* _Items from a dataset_
- - -
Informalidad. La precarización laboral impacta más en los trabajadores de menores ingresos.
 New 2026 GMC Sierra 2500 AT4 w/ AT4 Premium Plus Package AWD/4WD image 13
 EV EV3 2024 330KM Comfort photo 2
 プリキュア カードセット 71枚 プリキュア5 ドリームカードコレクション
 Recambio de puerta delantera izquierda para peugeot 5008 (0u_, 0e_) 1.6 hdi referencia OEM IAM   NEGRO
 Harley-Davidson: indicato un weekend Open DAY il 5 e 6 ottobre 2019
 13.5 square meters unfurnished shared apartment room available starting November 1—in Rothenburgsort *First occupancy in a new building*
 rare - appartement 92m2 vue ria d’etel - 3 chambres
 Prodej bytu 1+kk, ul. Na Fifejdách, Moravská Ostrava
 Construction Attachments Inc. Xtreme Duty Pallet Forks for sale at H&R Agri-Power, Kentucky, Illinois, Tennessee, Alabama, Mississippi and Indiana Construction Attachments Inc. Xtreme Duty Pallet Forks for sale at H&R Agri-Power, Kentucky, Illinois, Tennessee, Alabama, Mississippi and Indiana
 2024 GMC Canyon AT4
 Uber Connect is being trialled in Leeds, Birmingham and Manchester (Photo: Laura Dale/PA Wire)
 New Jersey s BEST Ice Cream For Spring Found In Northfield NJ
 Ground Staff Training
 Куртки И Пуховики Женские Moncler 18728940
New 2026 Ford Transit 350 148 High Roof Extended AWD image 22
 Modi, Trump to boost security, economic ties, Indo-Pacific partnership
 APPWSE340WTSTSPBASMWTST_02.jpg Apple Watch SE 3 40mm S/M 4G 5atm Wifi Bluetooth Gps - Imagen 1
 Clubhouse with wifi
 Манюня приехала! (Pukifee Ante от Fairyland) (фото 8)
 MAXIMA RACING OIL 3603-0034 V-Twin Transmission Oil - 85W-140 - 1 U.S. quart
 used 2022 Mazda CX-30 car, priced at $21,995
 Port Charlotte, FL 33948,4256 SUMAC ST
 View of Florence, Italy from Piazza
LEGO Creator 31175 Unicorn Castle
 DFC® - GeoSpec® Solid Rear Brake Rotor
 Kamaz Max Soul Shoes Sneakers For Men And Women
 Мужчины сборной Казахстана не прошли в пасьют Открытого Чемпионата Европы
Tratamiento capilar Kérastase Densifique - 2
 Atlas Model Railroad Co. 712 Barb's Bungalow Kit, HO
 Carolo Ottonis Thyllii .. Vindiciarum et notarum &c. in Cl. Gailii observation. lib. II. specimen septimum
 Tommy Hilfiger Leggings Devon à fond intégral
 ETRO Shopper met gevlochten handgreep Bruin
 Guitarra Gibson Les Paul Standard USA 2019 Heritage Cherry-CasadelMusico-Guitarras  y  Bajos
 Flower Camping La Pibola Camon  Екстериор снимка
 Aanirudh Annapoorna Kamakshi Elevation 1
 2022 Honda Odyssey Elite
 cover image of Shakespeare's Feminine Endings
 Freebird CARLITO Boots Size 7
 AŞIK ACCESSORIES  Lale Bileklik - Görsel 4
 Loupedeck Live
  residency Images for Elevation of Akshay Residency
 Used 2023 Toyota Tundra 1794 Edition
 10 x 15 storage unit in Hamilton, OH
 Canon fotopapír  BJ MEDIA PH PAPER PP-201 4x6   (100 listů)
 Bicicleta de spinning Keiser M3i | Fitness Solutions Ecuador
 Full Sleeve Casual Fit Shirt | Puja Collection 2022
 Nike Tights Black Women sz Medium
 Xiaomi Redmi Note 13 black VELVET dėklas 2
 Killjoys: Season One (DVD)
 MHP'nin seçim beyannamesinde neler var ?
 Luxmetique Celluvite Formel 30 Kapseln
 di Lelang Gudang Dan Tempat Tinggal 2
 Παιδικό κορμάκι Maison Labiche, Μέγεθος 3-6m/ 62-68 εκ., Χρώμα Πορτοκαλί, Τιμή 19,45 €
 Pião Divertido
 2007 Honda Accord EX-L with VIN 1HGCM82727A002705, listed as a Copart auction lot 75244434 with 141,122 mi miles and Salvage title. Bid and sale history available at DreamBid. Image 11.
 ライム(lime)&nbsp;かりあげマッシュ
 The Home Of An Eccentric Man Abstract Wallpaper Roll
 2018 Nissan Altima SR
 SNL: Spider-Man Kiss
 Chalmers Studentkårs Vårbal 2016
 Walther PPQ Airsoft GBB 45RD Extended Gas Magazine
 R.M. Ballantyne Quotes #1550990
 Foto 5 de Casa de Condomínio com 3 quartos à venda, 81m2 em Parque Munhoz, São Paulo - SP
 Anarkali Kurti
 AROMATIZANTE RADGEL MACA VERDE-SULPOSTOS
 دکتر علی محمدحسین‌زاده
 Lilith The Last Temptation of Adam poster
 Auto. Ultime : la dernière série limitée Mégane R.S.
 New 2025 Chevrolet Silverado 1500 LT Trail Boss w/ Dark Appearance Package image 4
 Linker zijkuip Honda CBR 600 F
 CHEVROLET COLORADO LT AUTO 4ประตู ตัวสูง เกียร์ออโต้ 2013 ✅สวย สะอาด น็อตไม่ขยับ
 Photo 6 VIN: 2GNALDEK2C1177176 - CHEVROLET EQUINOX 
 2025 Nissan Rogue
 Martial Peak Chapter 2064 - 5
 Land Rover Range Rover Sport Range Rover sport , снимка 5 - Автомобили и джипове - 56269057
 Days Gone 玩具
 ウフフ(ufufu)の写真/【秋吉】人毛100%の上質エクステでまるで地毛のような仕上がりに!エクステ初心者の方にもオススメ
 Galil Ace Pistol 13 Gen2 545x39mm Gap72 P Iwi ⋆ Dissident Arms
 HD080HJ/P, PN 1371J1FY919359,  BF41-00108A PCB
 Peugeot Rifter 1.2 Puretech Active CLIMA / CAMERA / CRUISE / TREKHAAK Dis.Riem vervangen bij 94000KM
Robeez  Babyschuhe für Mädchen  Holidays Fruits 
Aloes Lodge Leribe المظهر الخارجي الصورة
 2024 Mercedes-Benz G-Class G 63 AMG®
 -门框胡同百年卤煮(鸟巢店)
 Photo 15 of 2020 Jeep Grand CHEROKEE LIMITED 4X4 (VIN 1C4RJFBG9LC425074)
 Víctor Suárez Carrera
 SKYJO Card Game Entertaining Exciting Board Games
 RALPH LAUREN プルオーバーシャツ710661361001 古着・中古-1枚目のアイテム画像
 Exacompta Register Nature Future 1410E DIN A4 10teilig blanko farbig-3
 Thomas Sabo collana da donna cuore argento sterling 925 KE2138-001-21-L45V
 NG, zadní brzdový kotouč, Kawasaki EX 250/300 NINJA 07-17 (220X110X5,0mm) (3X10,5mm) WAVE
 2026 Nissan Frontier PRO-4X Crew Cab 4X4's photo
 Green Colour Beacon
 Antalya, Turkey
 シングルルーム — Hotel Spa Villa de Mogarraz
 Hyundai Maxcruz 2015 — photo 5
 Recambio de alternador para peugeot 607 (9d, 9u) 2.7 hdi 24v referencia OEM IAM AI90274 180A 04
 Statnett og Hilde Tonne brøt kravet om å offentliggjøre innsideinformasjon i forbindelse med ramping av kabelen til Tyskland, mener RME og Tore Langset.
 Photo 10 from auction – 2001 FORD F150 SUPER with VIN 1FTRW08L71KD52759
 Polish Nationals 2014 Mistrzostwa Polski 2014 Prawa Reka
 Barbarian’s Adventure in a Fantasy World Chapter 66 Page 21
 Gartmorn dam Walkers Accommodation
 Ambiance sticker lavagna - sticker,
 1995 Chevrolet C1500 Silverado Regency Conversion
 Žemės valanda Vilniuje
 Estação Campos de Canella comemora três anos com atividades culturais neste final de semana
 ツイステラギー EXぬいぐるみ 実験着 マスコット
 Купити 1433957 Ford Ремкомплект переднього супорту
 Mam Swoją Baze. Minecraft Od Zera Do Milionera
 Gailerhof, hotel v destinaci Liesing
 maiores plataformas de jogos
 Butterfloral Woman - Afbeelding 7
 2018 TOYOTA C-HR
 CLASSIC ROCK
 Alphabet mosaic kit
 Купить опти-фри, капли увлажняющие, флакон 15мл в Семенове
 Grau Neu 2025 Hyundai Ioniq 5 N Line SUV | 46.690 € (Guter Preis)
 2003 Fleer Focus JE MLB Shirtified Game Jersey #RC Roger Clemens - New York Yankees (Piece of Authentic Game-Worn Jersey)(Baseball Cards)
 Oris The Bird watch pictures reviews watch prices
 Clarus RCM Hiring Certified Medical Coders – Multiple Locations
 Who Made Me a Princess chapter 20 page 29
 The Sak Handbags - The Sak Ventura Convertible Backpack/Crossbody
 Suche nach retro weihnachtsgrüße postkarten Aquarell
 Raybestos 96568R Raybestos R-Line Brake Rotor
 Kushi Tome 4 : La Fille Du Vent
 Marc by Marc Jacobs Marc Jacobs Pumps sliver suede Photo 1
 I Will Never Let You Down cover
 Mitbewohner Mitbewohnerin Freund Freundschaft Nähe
- - -
* _To do_
Write out, word for word, the line containing "Barbarian’s Adventure in" and all the lines after it in the entries above, and nothing more.

* _Answer to this problem_
 Barbarian’s Adventure in a Fantasy World Chapter 66 Page 21
 Gartmorn dam Walkers Accommodation
 Ambiance sticker lavagna - sticker,
 1995 Chevrolet C1500 Silverado Regency Conversion
 Žemės valanda Vilniuje
 Estação Campos de Canella comemora três anos com atividades culturais neste final de semana
 ツイステラギー EXぬいぐるみ 実験着 マスコット
 Купити 1433957 Ford Ремкомплект переднього супорту
 Mam Swoją Baze. Minecraft Od Zera Do Milionera
 Gailerhof, hotel v destinaci Liesing
 maiores plataformas de jogos
 Butterfloral Woman - Afbeelding 7
 2018 TOYOTA C-HR
 CLASSIC ROCK
 Alphabet mosaic kit
 Купить опти-фри, капли увлажняющие, флакон 15мл в Семенове
 Grau Neu 2025 Hyundai Ioniq 5 N Line SUV | 46.690 € (Guter Preis)
 2003 Fleer Focus JE MLB Shirtified Game Jersey #RC Roger Clemens - New York Yankees (Piece of Authentic Game-Worn Jersey)(Baseball Cards)
 Oris The Bird watch pictures reviews watch prices
 Clarus RCM Hiring Certified Medical Coders – Multiple Locations
 Who Made Me a Princess chapter 20 page 29
 The Sak Handbags - The Sak Ventura Convertible Backpack/Crossbody
 Suche nach retro weihnachtsgrüße postkarten Aquarell
 Raybestos 96568R Raybestos R-Line Brake Rotor
 Kushi Tome 4 : La Fille Du Vent
 Marc by Marc Jacobs Marc Jacobs Pumps sliver suede Photo 1
 I Will Never Let You Down cover
 Mitbewohner Mitbewohnerin Freund Freundschaft Nähe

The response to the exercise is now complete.